Y no solo eso. También sirve para saber qué es la mentrification; cómo la caza se ha convertido en una fiesta de pijamas masculina que le da derecho a invadir la naturaleza (y por qué Faulkner estuvo a punto de no recoger su Nobel por irse de pesca); las consecuencias de habernos criado con el principio de la Pitufina en el cine; qué implica que la arquitectura (blanca) esté dominada por hombres (blancos); por qué el 95 % de las personas que se sientan en los bancos de nuestras ciudades para disfrutar de no hacer nada son hombres; qué conecta a las mansiones a lo Xanadú de Ciudadano Kane que han edificado los magnates de nuestro tiempo (desde el complejo Mar-a-Lago de Donald Trump al Xanadú 2.0 de Bill Gates o al Neverland de Michael Jackson) o cómo la brotopia de Silicon Valley ha allanado el camino para que la violencia digital hacia las mujeres haya alcanzado niveles nunca imaginados. 

Para entender la condena que supone vivir en este mundo de boys club basta con tomar como ejemplo La hija del general (1999), la película que Delvaux analiza aquí a propósito del caso real en el que basa la cinta, el del general Joseph Campbell, padre de la capitana Elisabeth Campbell, condenado en un tribunal militar por haber intentado encubrir la violación grupal que había sufrido su hija durante su formación. Una decisión que, según cuenta la película, se tomó para salvaguardar la institución militar a finales de los noventa. Fue leer sobre la historia de ese padre ocultando la violación de su propia hija para salvar a sus hombres y comprender que esa historia fatídica, la de señores encubriendo a otros señores sin plantearse reclamar justicia aun cuando se agrede a su propia prole, está condenada a repetirse en el mundo los Señores S. A. 

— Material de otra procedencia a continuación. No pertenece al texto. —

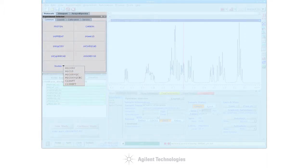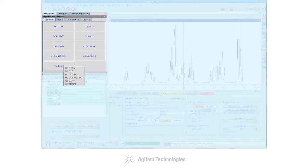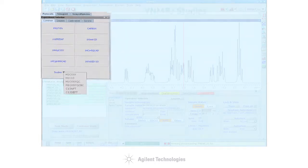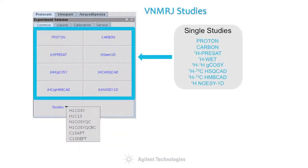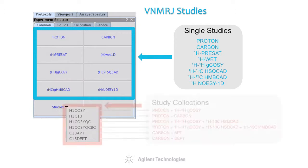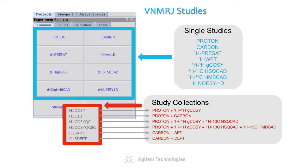The building blocks for the study queue are studies that can be selected in the experiment selector by a simple mouse click. A study may be as basic as a single experiment or pulse sequence but may also consist of a complex collection of requests including an arbitrary number and combination of simple studies.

Pasó, de forma más sutil pero no por ello poco devastadora, en uno de esos boys club cuando Brett Kavanaugh fue ratificado como juez del Tribunal Supremo de Estados Unidos. Kavanaugh había sido acusado de haber participado en fiestas universitarias en las que se violaba en grupo a chicas drogadas con sedantes. Una de las cuatro mujeres que testificó frente al Senado para acusarle de intento de violación durante sus años de instituto fue Christine Blasey Ford, compañera de clases en aquella época, y actual profesora universitaria en California. Kavanaugh lo negó y Blasey Ford tuvo que mudarse de casa y contratar un equipo de seguridad privada frente a las amenazas que recibió. Cuando Kavanaugh fue ratificado en su cargo, el padre de Christine estrechó cordialmente la mano del padre de Brett, Ed Kavanaugh, en el Burning Tree Club de Bethesda, donde ambos juegan al golf. «Me alegra que hayan ratificado a Brett», le dijo Ralph Blasey, de padre blanco republicano a padre blanco republicano. 

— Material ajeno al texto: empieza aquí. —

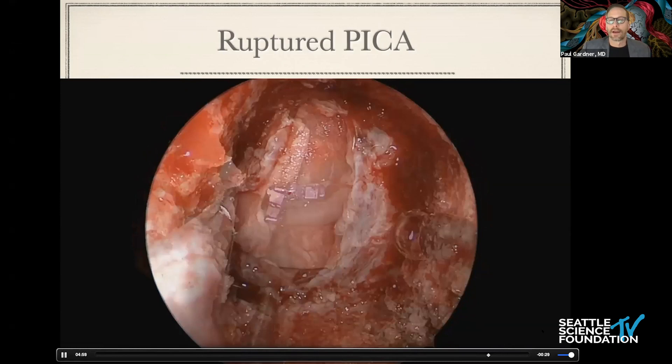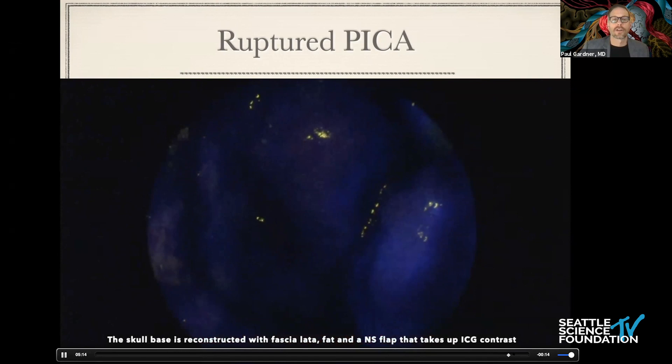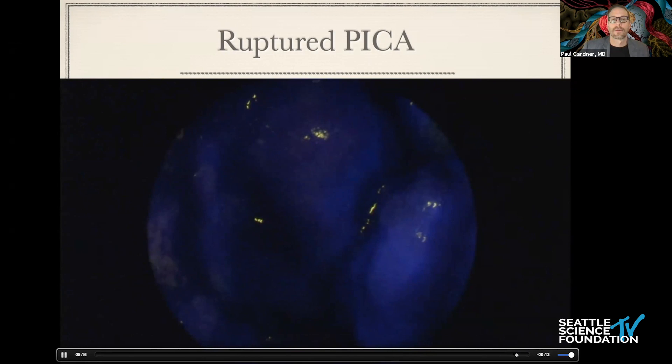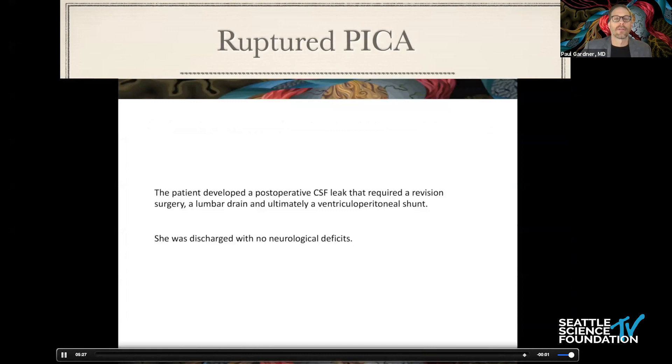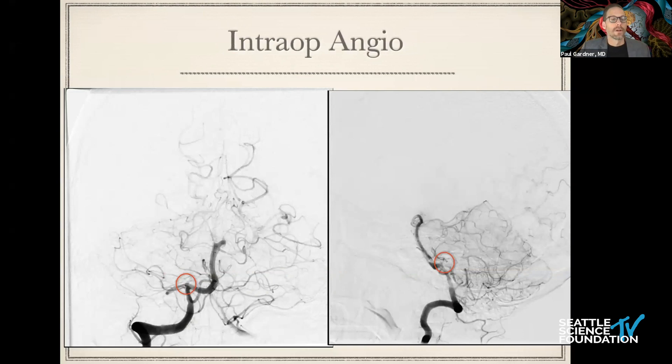There's our final view and a multi-layer reconstruction. The intraoperative and post-op imaging showing treatment of this aneurysm, although she did get a post-operative leak related to her hydrocephalus from the subarachnoid hemorrhage.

Después de leer este libro, qué poco sorprende aquello que sucediera, en primera instancia, y que fuese, precisamente, en uno de esos sitios en los que nunca importa el poder votado, sino el otro. Como apunta Amia Srinivasan al recordar este caso en su ensayo El derecho al sexo: «La solidaridad que mostró esa gente que conocía a Kavanaugh desde joven —lo que Kavanaugh llama “amistad”— era la solidaridad de los blancos ricos».7Algo que, en otro ejercicio de sincronía, refuerza Delvaux aquí cuando se pregunta: «¿Qué nos espera si una ínfima parte de la población continúa acumulando privilegios y la brecha entre riqueza y pobreza entre boys clubs dominantes y grupos dominados crece cada vez más? ¿Qué futuro cabe esperar?».

Para esto sirve lo que puede leerse más adelante. Para aprender, a fin de cuentas, a detectar el perverso triángulo de misoginia, crueldad y homofobia/racismo/clasismo interiorizado que sostiene al sistema de los boys club. Y atreverse, al fin, a derribarlo para cambiar este mundo hasta hacerlo irreconocible.